La mention « sans conservateur » ne garantit pas une fabrication artisanale ; la pasteurisation, la stérilisation ou l’emballage sous vide jouent aussi ce rôle, tout en permettant d’indiquer « sans conservateur » sur la boîte.

L’attirail des arômes et colorants

Le goût intense d’un snack industriel provient rarement des aliments de base. Plutôt que d’utiliser des épices ou du fromage en grandes quantités, les fabricants font appel aux arômes (naturels ou artificiels).

Les arômes dits « naturels » sont extraits de sources naturelles, mais n’ont pas obligation de provenir de l’aliment mis en avant sur l’emballage. Par exemple, l’arôme barbecue peut être obtenu à partir de levures et non de viande grillée.

Quant aux colorants, certains sont d’origine végétale (caroténoïdes), d’autres sont synthétiques, parfois controversés du point de vue sanitaire. Les chips à la couleur jaune ou les biscuits teintés sont rarement ainsi grâce à la matière première mais bien grâce à ces additifs.
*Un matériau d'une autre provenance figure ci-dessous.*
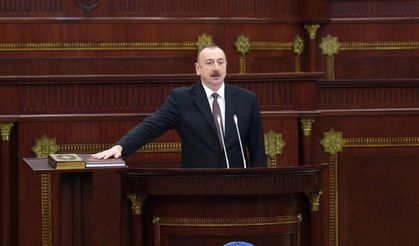 Aliyev görevine başlarken Kuran-ı Kerim'e el bastı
Sucres et édulcorants cachés

Même dans un snack salé, le sucre se glisse dans la liste des ingrédients, souvent sous des noms trompeurs :

  • Sirop de glucose-fructose
  • Maltodextrine
  • Dextrose
  • Sucre inverti

Pour compenser le retrait du sucre, certains fabricants remplacent par des édulcorants de synthèse ou naturels (stevia, sucralose, aspartame). Ces substituts posent d’autres interrogations : impact sur la satiété, sur le microbiote, ou sur la perception même du goût sucré. Leur effet sur la santé, bien que régulièrement surveillé, reste discuté.
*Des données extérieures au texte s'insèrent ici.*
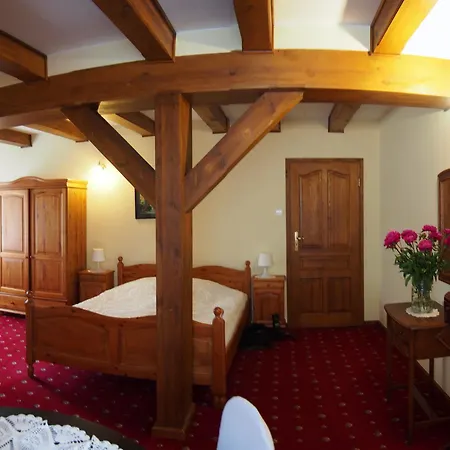 Dwor W Bychowie Ferienpark Gniewino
Les graisses, pas toutes égales

L’omniprésence des huiles végétales interpelle. Les industriels privilégient des huiles bon marché (palme, tournesol, coprah), parfois modifiées pour améliorer leur stabilité (hydrogénation). Ce procédé crée des acides gras trans, délétères pour le cœur et les vaisseaux.

Certaines marques misent désormais sur l’huile de tournesol oléique, réputée meilleure que la palme, mais qui ne fait pas pour autant du snack un « aliment santé ». Il convient de regarder aussi la part de graisses saturées, faciles à identifier sur le tableau nutritionnel.

La quantité reste le nerf de la guerre

Un snack, par définition, se consomme rapidement et sans nécessairement prêter attention aux quantités. Pourtant, ce sont rarement les ingrédients pris séparément qui posent problème, mais plutôt la somme des apports au fil du grignotage.

  • Un sachet individuel paraît petit, mais cumulé à d’autres snacks lors d’une soirée, les calories et le sel montent en flèche.
  • Les formats familiaux encouragent la consommation. Le principe est simple : plus il y en a, plus on en mange.
  • Les produits « allégés » n’incitent pas à limiter la quantité consommée, car ils déculpabilisent l’acte de grignoter.

Les alternatives plus naturelles et astucieuses

Il reste possible de trouver des encas industriels aux ingrédients simples, à la liste courte et compréhensible. Certains fabricants réinventent la pause apéritive avec :

  • Des mélanges de fruits à coque et graines sans sel ni sucre ajoutés
  • Des chips de légumes séchés à l’huile d’olive
  • Des crackers à la farine complète et à l’huile de colza pressée à froid

Un système d’étiquetage simplifié comme le Nutri-Score aide à faire des choix par comparaison rapide, mais il ne remplace pas une lecture critique de l’étiquette complète.

Prendre le temps de retourner la boîte ou le sachet et de s’interroger sur la provenance et la composition du produit n’est plus un luxe, mais une forme de conscience. Ainsi, même dans un univers industriel, il existe des manières de grignoter plus malin, tout en préservant sa gourmandise et son bien-être.

La prochaine fois qu’un snack attire l’œil, se rappeler de ce que signifie une étiquette, c’est s’offrir la possibilité d’une pause à la fois savoureuse et transparente.